They were twin warrior brothers. 

Castor was the one that was mortal, and

Polydeuces was immortal. 

The Greek Spartans when they formed up for battle they would sing hymn to Castor, who was the mortal warrior.

These same two “twins” were also sailors that were part of the warrior crew on the ship Argos, in the Greek epic of Jason and the Argonauts.


Now realize that Thomas is a fisherman, just like Peter, James, and John.  So his nickname Didymus referred to him as a warrior-sailor.  I think it is a play on words. 

It gives us some insight into Thomas’ nickname.
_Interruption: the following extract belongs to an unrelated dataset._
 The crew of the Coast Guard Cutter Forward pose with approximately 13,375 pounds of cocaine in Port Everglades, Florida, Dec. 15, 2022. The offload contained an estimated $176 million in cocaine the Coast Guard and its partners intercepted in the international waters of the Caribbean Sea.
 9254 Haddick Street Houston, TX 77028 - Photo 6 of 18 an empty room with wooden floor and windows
Thomas is a warrior for the Lord.  He is outspoken and brash like Peter, James, and John.  He is deeply devoted.   Like myself, he is a visual learner.  This is why he may be viewed as dull.  But once he is shown something, he intimately understands it.  And once he understands the essence of a thing, he is stubbornly loyal. 

He is a true warrior-sailor like the twins of Greek mythology. 


The first glimpse of Thomas is John 11:16.  This is right after Jesus has says plainly and bluntly to the disciples that “Lazarus is dead”.  He is this blunt with “the intent that they may believe.”  The village of Bethany was near Jerusalem, and when Jesus calls the disciples to go with him, it is a trip into harms way.  The High Priests of the temple want to kill Jesus, and their going into the vicinity of Jerusalem will place them in mortal danger.  Here Thomas affirms in his own bluntness and his faithfulness, like a warrior, that we do not “hear” from the other Apostles;  Let us also go, that we may die with him”.

           The second glimpse of Thomas is in John 14:5.  Here Jesus has said that he is going to the Father to prepare a way for his followers, and that they would know the way where he was going.  Again Thomas in a direct and blunt way asks Jesus “Lord, we do not know where you are going, how can we know the way?”  It is here that Jesus visually shows Thomas and the disciples when he says “I am the way and the truth and the life.”   And later in 14:9 Jesus says to Philip “Anyone who has seen me has seen the Father.”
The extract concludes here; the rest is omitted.